**Work instructions**
What you return should match the data word for word, minus the images.

--- START ---

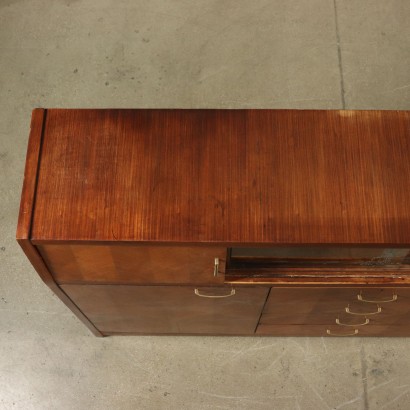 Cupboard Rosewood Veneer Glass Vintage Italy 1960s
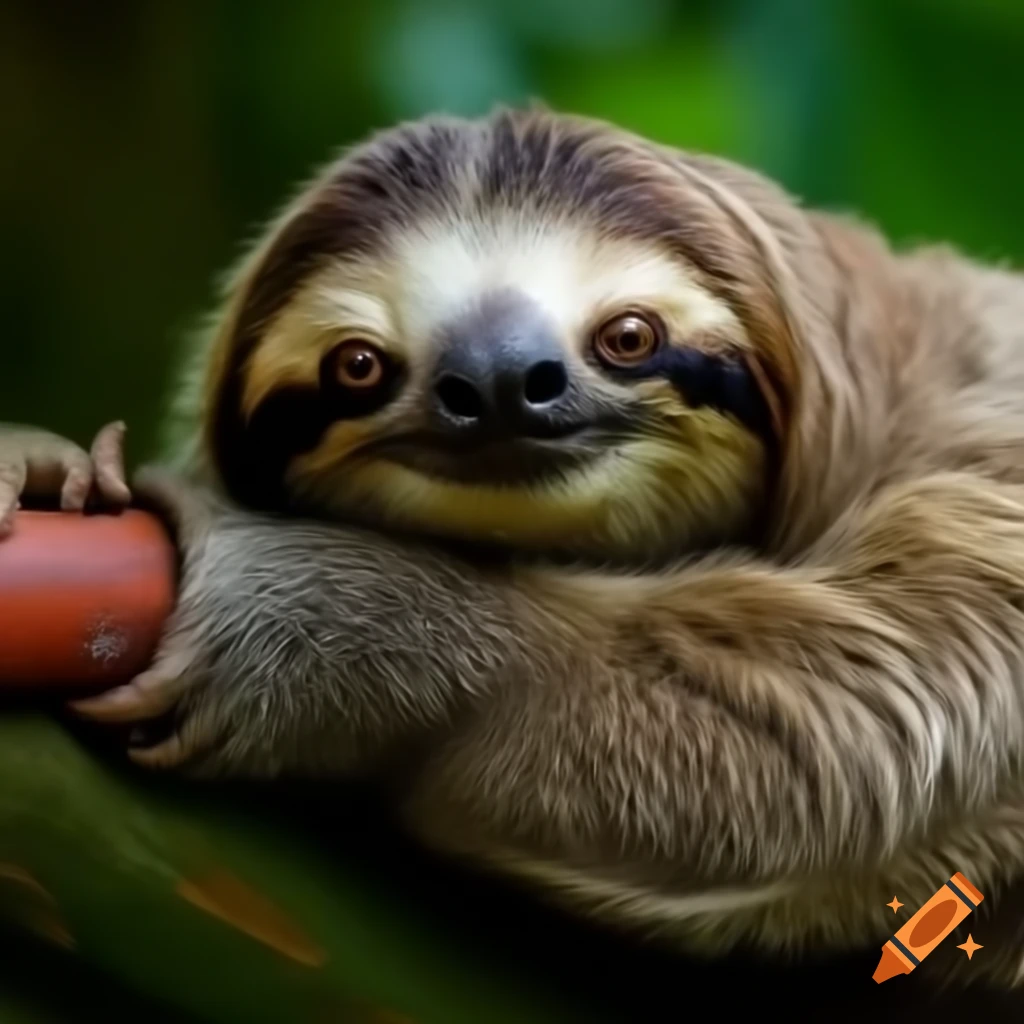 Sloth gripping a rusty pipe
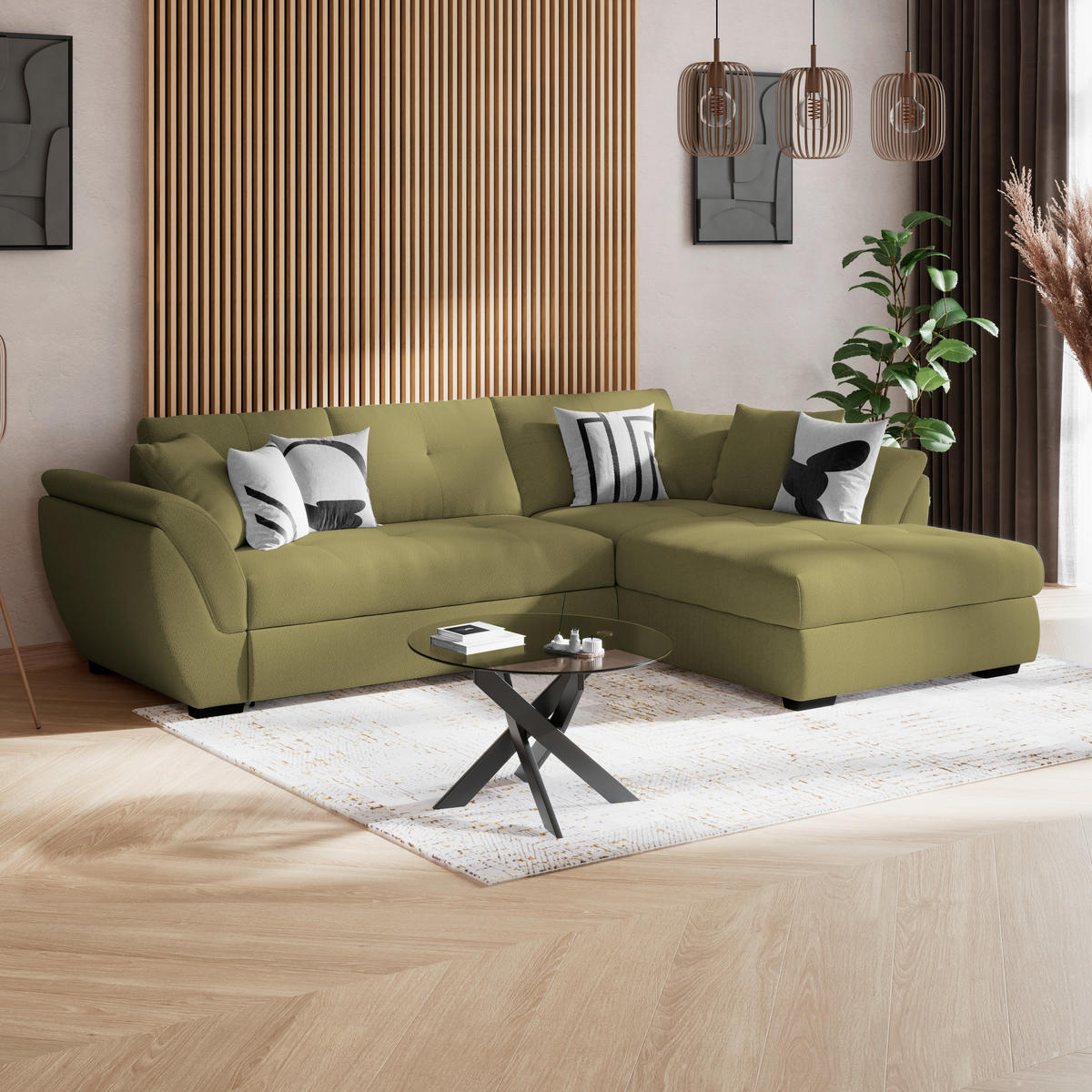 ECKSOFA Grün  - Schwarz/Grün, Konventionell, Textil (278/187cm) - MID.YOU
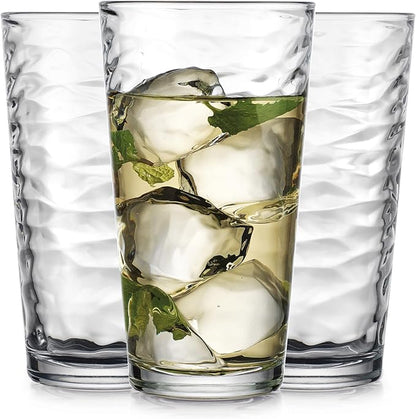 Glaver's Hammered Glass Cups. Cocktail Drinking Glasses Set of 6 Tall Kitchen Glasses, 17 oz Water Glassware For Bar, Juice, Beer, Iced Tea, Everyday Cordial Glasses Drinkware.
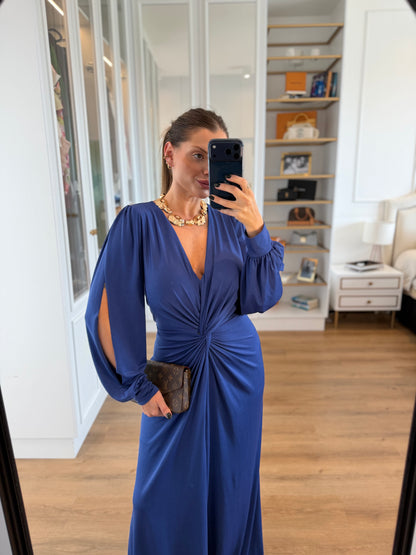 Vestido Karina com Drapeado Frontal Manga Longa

--- END ---

**Solution to the exercise**
 Cupboard Rosewood Veneer Glass Vintage Italy 1960s
 Sloth gripping a rusty pipe
 ECKSOFA Grün  - Schwarz/Grün, Konventionell, Textil (278/187cm) - MID.YOU
 Glaver's Hammered Glass Cups. Cocktail Drinking Glasses Set of 6 Tall Kitchen Glasses, 17 oz Water Glassware For Bar, Juice, Beer, Iced Tea, Everyday Cordial Glasses Drinkware.
 Vestido Karina com Drapeado Frontal Manga Longa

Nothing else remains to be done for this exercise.